Embodiments of the disclosure provide additional features of liner discharge structure 110, e.g., to allow liner discharge structure to pass through discharge spout 126 even where collar 116 is of a wider diameter than discharge spout 126. Embodiments of liner discharge structure 110, discussed herein, may include neck 114 formed of the liner material and shaped to enclose a cross-sectional area that is approximately equal to the internal cross-sectional area of discharge spout 126. As discussed in more detail elsewhere herein, collar 116 may be formed of the liner material while being coupled circumferentially to an end of neck 114, in which collar 116 encloses a cross-sectional area greater than discharge spout 126. A constrictable sidewall 140 on neck 114 may be proximate collar 116, allowing compression of collar 116 such that it is temporarily within the cross-sectional area of discharge spout 126. A fastener 144 (e.g., a clip formed of deformable materials such as metals, ceramics, etc., a string, a slip, and/or other fastening instruments) may be circumferentially coupled to constrictable sidewall 140, e.g., to aid a user in temporarily constricting and expanding constrictable sidewall 140. Fastener 144 may include materials such a sealing adhesive (e.g., polytetrafluoroethylene (PTFE)) metal(s), ceramic(s), the liner material, and/or other currently known or later developed substances.
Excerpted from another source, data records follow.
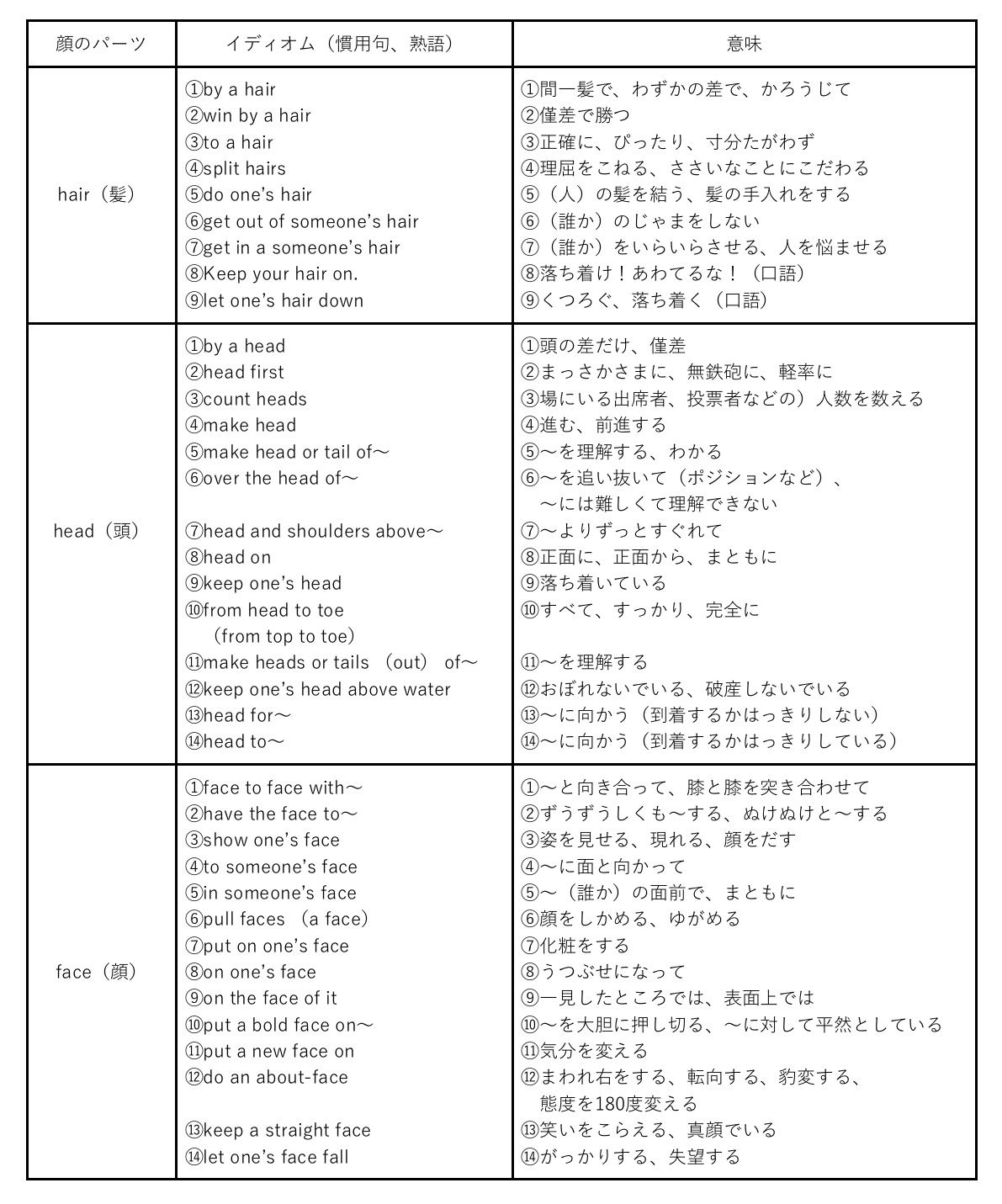 「顔のパーツ」を使用したイディオム-01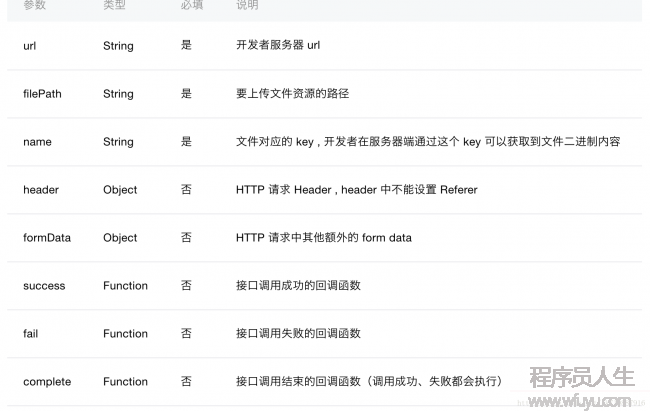 微信小程序開發（二）圖片上傳+服務端接收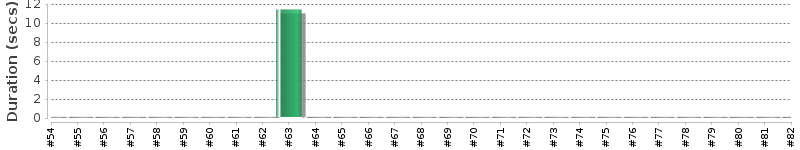 [Method Execution Trend Chart]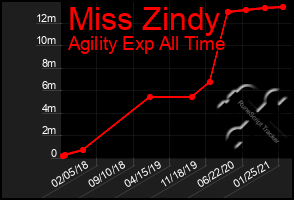 Total Graph of Miss Zindy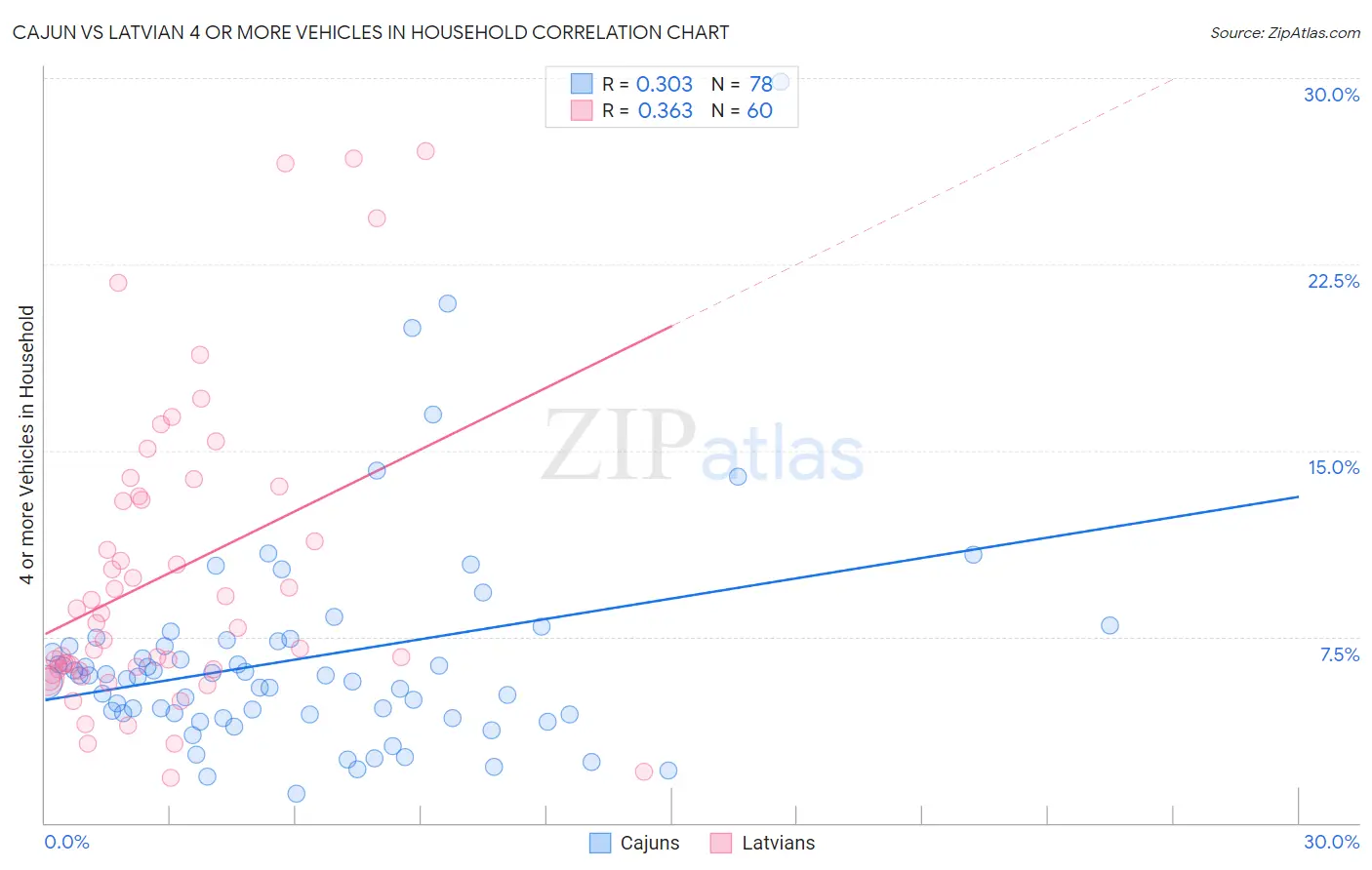 Cajun vs Latvian 4 or more Vehicles in Household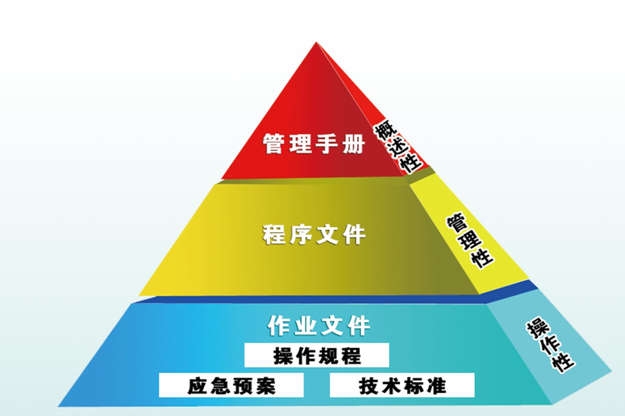 圖片（piàn）關鍵（jiàn）詞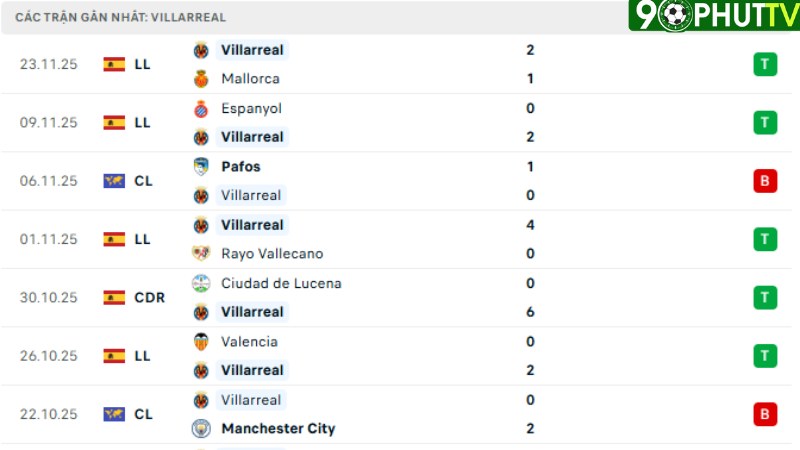 Dortmund với Villarreal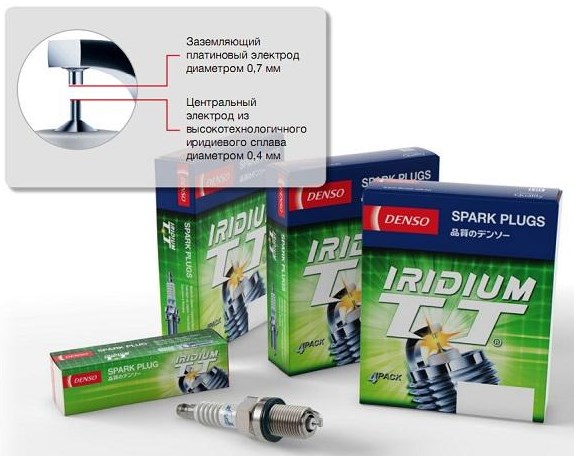 Свечи зажигания Denso IK20TT 4702 Iridium 1шт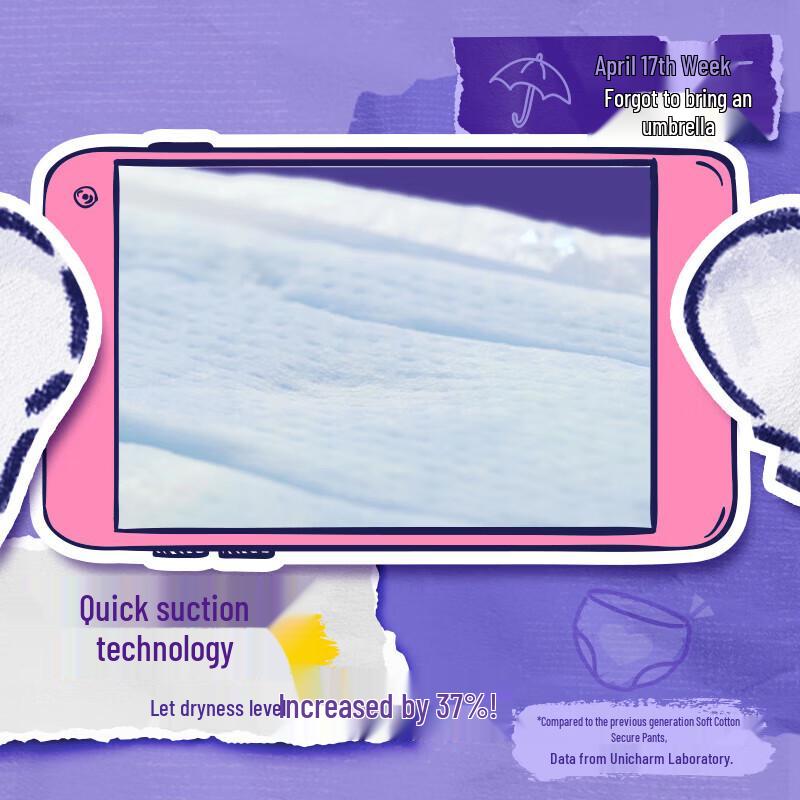 Sofy Super Sleep Period Ночные трусы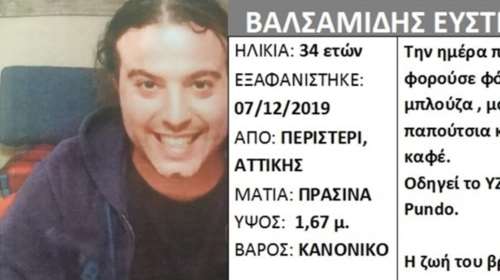 Νεκρός στο αυτοκίνητό του βρέθηκε 34χρονος ηθοποιός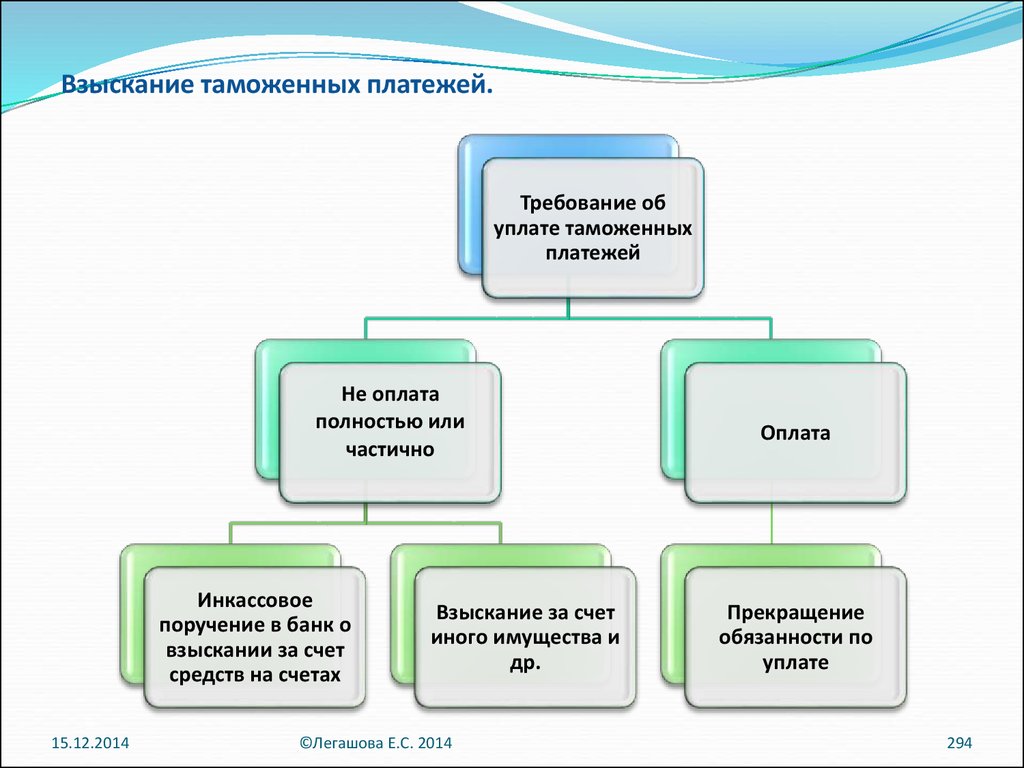 Процедура уплаты таможенных платежей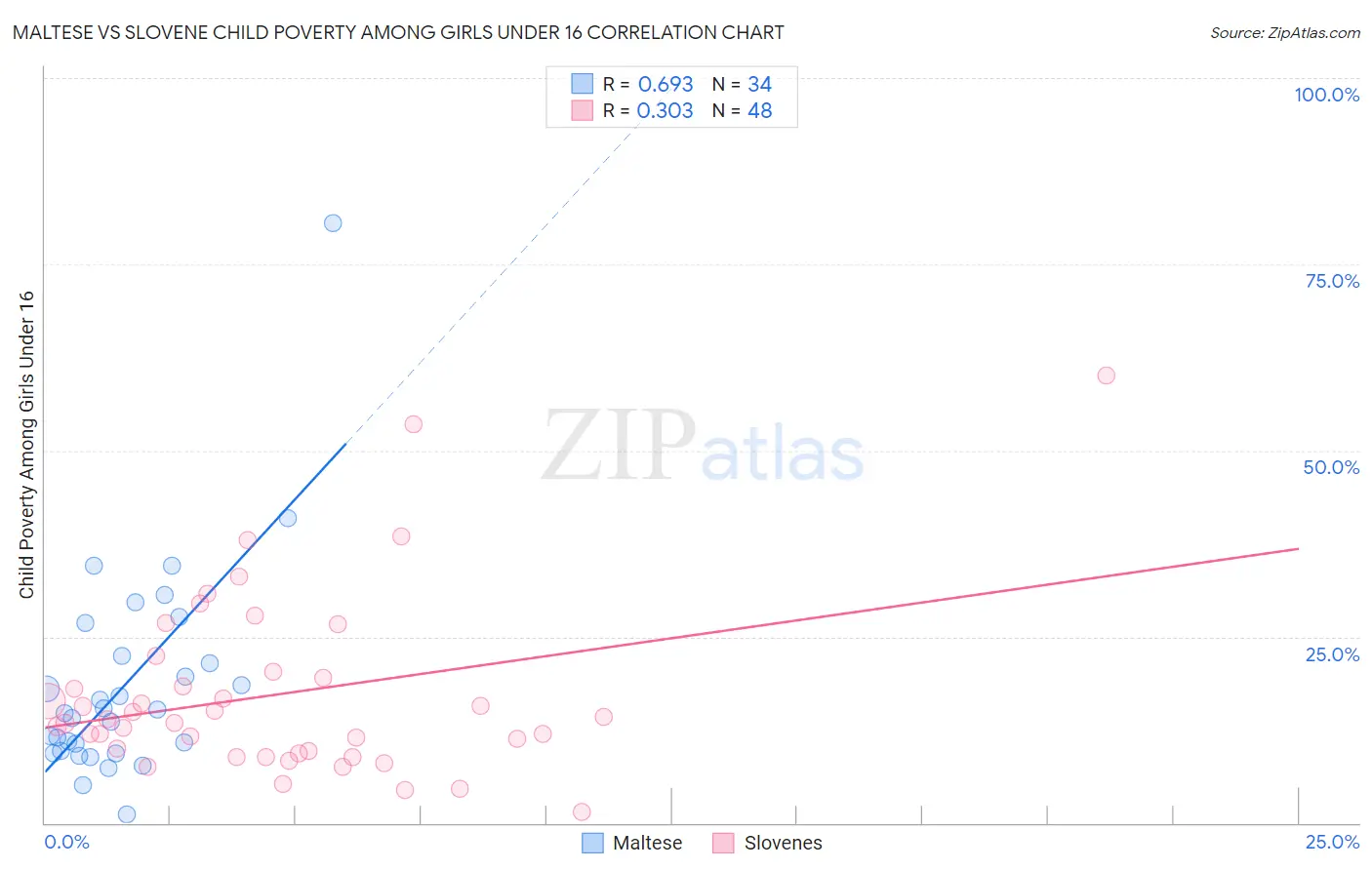 Maltese vs Slovene Child Poverty Among Girls Under 16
Constrictable sidewall 140 may be shaped such that collar 116 is compressible to a cross-sectional area that is at most equal to the cross-sectional area of discharge spout 126. Embodiments of liner discharge structure 110 are configured for applications in which discharge spout 126 is coupled to various types of valves and/or discharge piping for transmitting fluids from within container 120. Related methods of the disclosure may include, e.g., removing one or more valves and/or piping sections, passing liner discharge structure 110 through such piping and/or valves while sidewall 14 is constricted, and coupling collar 116 to the exterior of the piping and/or valve(s) using, e.g., a quick disconnect piping connection and/or other structure.
Installation of liner discharge structure 110 in discharge spout 126, intermediate coupling 160, and/or pipe 152 may include using kit 150 to pass liner discharge structure 110 through discharge spout 126, intermediate coupling 160, and/or pipe 152. This process may seal discharge spout 126 as well as liner discharge structure 110, thus preventing any leakage. Conventional liner structures are inoperable for use in this manner because conventional discharge spouts have a relatively small inside diameter restricting the flow rate of the material leaving the tank. Additionally, conventional spouts are made of material dissimilar to the liner material. This creates an additional challenge of meeting chemical compatibility issues with the respective container(s) and/or liner(s).
Using fastener 144 on constrictable sidewall 140, an operator may constrict liner discharge structure 110 and thus increase the flexibility of collar 116, thereby allowing liner discharge structure 110 to pass through smaller surface areas than possible when sidewall 140 is not constricted. In implementations where fastener 144 includes, e.g., an adhesive tape, fastener may be knotted or otherwise closed about constrictable sidewall 140 to maintain the reduced surface area in neck 114. Reducing the surface area of neck 114 using constrictable sidewall 140 and fastener 144 may allow collar 116 to deform into a shape and cross-sectional area that allows liner discharge structure 110 to pass through discharge spout 126, intermediate coupling 160, and/or pipe 152. Constrictable sidewall 140 and fastener 144, in addition, may allow a uniform composition of liner material to be used for interior surfaces of neck 114 and collar 116.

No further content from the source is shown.